MASSIVE PARALLEL EXASCALE STORAGE SYSTEM ARCHITECTURE
An high performance, linearly scalable, massive parallel architecture for storage systems comprises a plurality of simple individual storage nodes containing at least one CPU one storage element and, at least, one interconnection fabric link tightly connected together using a multidimensional high performance high scalable interconnection network fabric, preferably based on a PCIe dNTB architecture, organized, preferably, in an multidimensional hypercube topology or in a multidimensional Hypercubes derived topology.
The present application is a continuation-in-part of co-pending U.S. Patent application No. 61/786,560, entitled “Massive Parallel Petabyte Scale Storage System Architecture”, filed Mar. 15, 2013.
BACKGROUND OF THE INVENTION1. Field of Invention
The present invention is directed to an interconnection driven massively scalable storage and storage/computing merged architecture that can efficiently deliver linear scalability in capacity, bandwidth and input output per seconds (IOPS), from small to for peta-scale and greater level storage systems. wherein that architecture the disks and the storage nodes are organized to became the core of the system, creating a storage entities that is able to scale linearly to 10000 s of units using an efficient interconnection mechanism in combination with an opportune inter nodes interconnection topology.
2. Description of Related Art
One of the most important problem with the existing storage architectures is that storage doesn't scale linearly. This seems counter-intuitive since it is so easy to simply purchase another set of disks to double the size of available storage. The caveat in doing so is that the scalability of storage has multiple dimensions, capacity being only one of them, the others are bandwidth and lOPS. High performance computing systems require storage systems capable of storing multiple petabyte of data and delivering that data to thousands of users with the maximum speed possible so the capacity is just one of the aspect but not the most important. Today the high performance computing is entered into many different applications, not only related to supercomputing but also into the standard datacenter operations like for example big data analytics applications. As high performance computers have shifted from a few very powerful computation elements to 1000 s of commodity computing elements, storage systems must make the same transaction from few high performance storage engines to thousands of networked storage entities done using commodity type storage devices. This strategic transition must be done considering a shift in the design paradigm of storage nodes. New analytic application markets need a completely new view of how storage architecture should be done. The focus must become the “storage entity” that include the storage devices, at least one CPU for the local management and local computation and the network interfaces for the storage synchronization and for the user access. This “storage entity” is the new focus on the storage architecture, not anymore only the disk drives and shelves. This implies a new level of independence, which guarantees orders of magnitude of better performance, scalability, manageability, and reliability never before seen in any other storage system, with opportunities for integration at the application level like for example in massively parallel analytic applications. In other words the architectural focus must shift from the elementary storage elements(disks, PCIe SSDs cards or other storage devices available on the market present and future), to the entire storage node that can be comprised of disks, SSDs, CPUs and I/O interfaces and that become equivalent to the processing elements in massively parallel computers.

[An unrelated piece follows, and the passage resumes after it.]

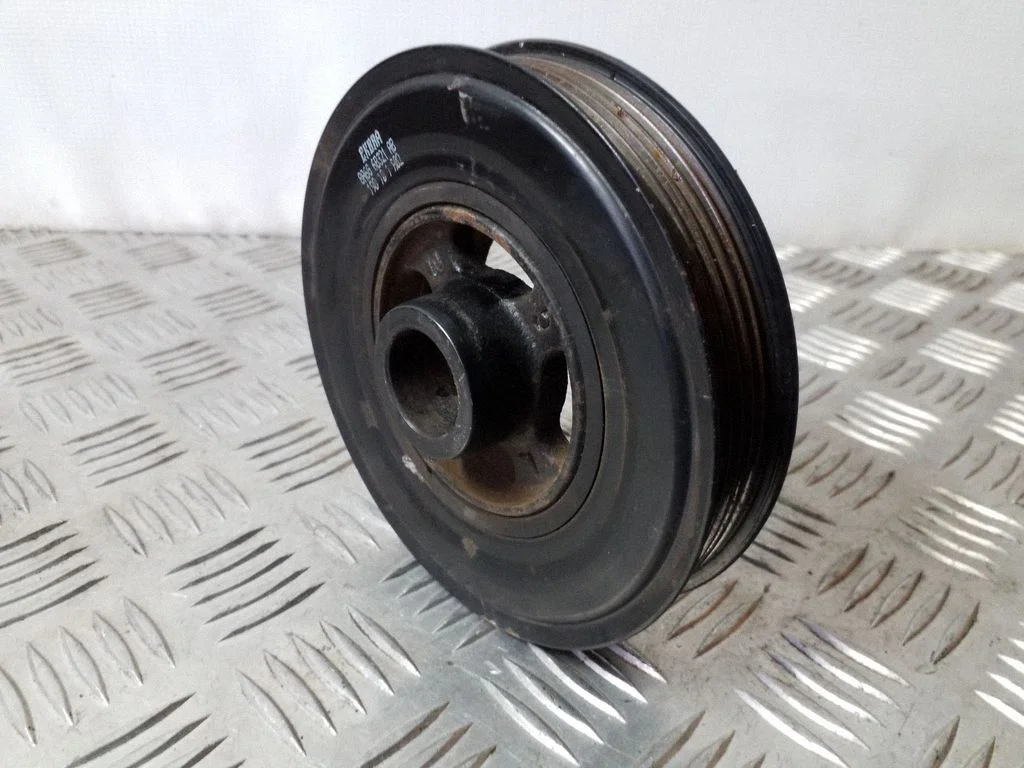 Crankshaft pulley 8A6G6B321AB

There are many existing techniques that provide high bandwidth service in storage, including RAID, traditional storage area networks and network attached storage. However, these techniques cannot provide more than 100 Giga byte of bandwidth on their own, and each has limitations manifest in a petabyte-scale storage system and larger. We need to think in parallel on all the aspect of the storage architecture itself, parallel set of disks, parallel CPUs for distributed management, multiple 10 interfaces distributed across the storage entity for the user to access in parallel way to the storage its self. On the contrary, network topologies developed for massively parallel computers can be used to build the data plane that synchronize and realize the parallelism in the file system operations providing the right speed to realize a new kind of massively parallel storage systems with scalable user bandwidth and lOPS with no bottlenecks.
Other than that, the idea to create scale out storage to permit to the storage to scale linearly is limited too. Today scale out storage system are often realized with software-based solution, called in many case as software defined storage. This solutions use, in most of the cases, the user network and the datacenter network for all the activities like, but not limited to, access to the data, write the data, manage the storage, move the date between different storage nodes. All the activities related to the storage activity generates high overhead in the network itself and limiting the real scalability in performance of the system.
There is a need in the art for a completely new view of how computational power and data storage are connected and organized.
There is also the need in the art for a storage architecture that can scale in capacity and performance linearly without introducing bottlenecks in terms of I/O capability.
SUMMARYEmbodiments of the invention provide an alternative architecture for storage systems. This architecture can be applied successfully from small system to parallel storage systems built starting from individual nodes interconnected together using a dedicated high performance, low latency high scalable fabric. This fabric is used, in the system, as storage data plane fabric. A secondary network interface, different from the storage one is used as user network to access to the storage its self from the external world in order to realize multiple concurrent access points to the system.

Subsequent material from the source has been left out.